Diels-Alder Reactions as versatile tools for the design of renewable polymers based on furanic cyclobutanes

Abstract

Polymeric materials have drastically changed the society in the last century, and the maintenance of modern life without the use of synthetic polymers is now impossible in many ways. However, their indiscriminate use and disposal resulted in a huge accumulation of waste in the environment, which is a great threat to ecosystems, biodiversity and human beings. Additionally, the non-renewable origin of most polymeric materials raises a wide discussion about the emission of greenhouse gases, which must be considerably reduced to minimize global warming. Thus, the establishment of a consolidated production of polymers considering the principles of green and sustainable chemistry became a hot research topic in the last decades, and it is now possible to design synthetic processes that avoid the production of waste and maximize the incorporation of all starting materials in the final product, prioritizing the use of renewable sources of raw materials.
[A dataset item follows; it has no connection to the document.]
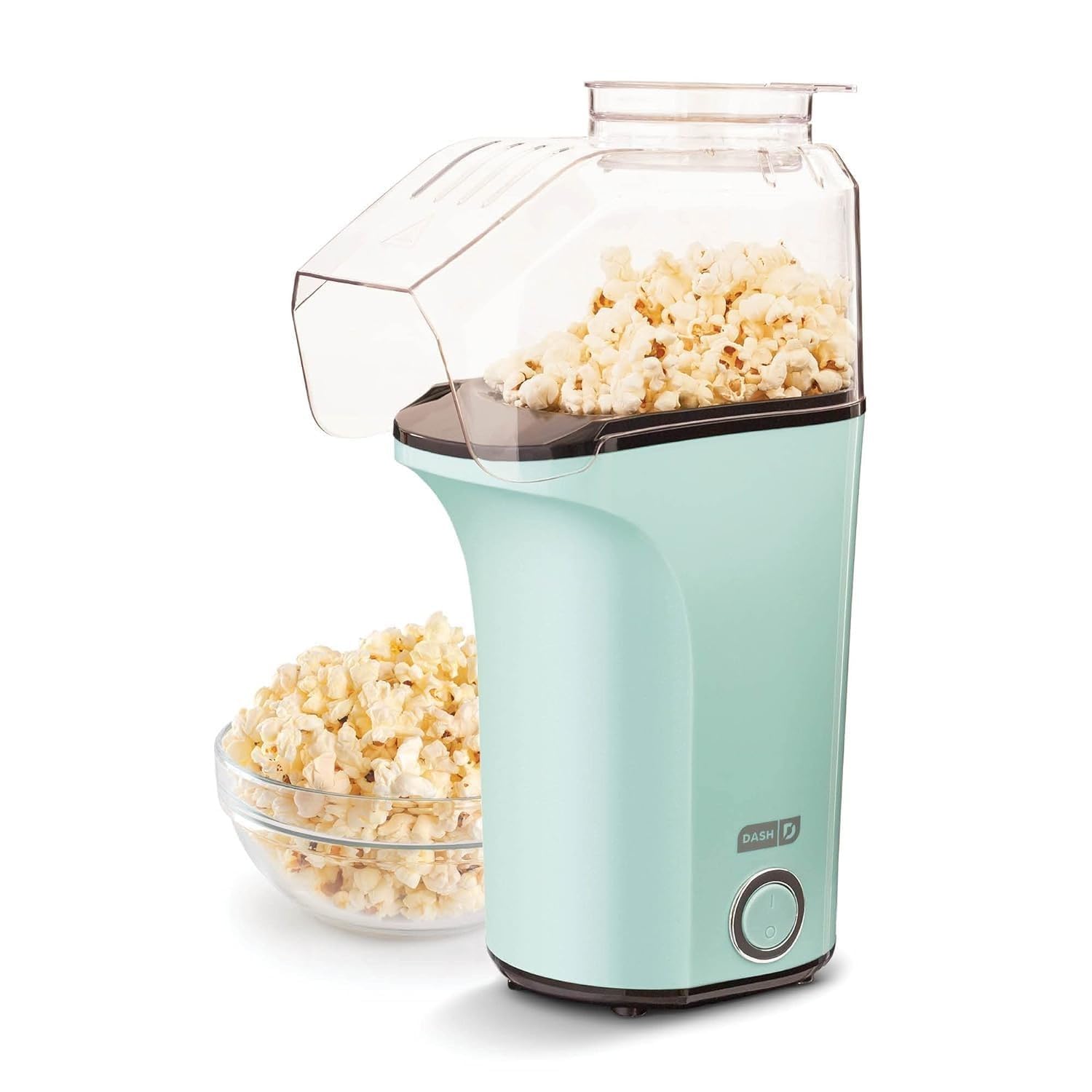 Dash Hot Air Popcorn Popper Maker With Measuring Cup To Portion Popping Corn Kernels + Melt Butter, 16 Cups - Aqua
Click chemistry is a very important tool in this context, providing essential guidelines and techniques for the production of new materials that have inherent reduced environmental impacts. Herein, a PhD project is presented, which is strongly inserted in the strategy of using renewable platforms for the synthesis of new macromolecular materials. It can be divided into four fundamental steps, focusing on (i) the synthesis of polyfunctional furanic cyclobutane monomers from acrylic 3- (2-furyl) acid; (ii) the polymerization of furanic cyclobutanes via Diels-Alder reaction with maleimide derivatives; (iii) the synthesis and characterization of methyl ±-eleostearate from tung oil, aiming at understanding its dienic/dienophilic nature when subjected to the Diels-Alder reaction with methyl furan; (iv) the polymerization of furanic cyclobutanes via Diels-Alder reaction with tung oil; and (v) the evaluation of the viability of chemically recycling the synthesized polymers via retro-Diels-Alder reactions. The monomers and polymers obtained will be characterized by the relevant techniques, and it is intended, therefore, to develop novel fully renewable macromolecular materials. (AU)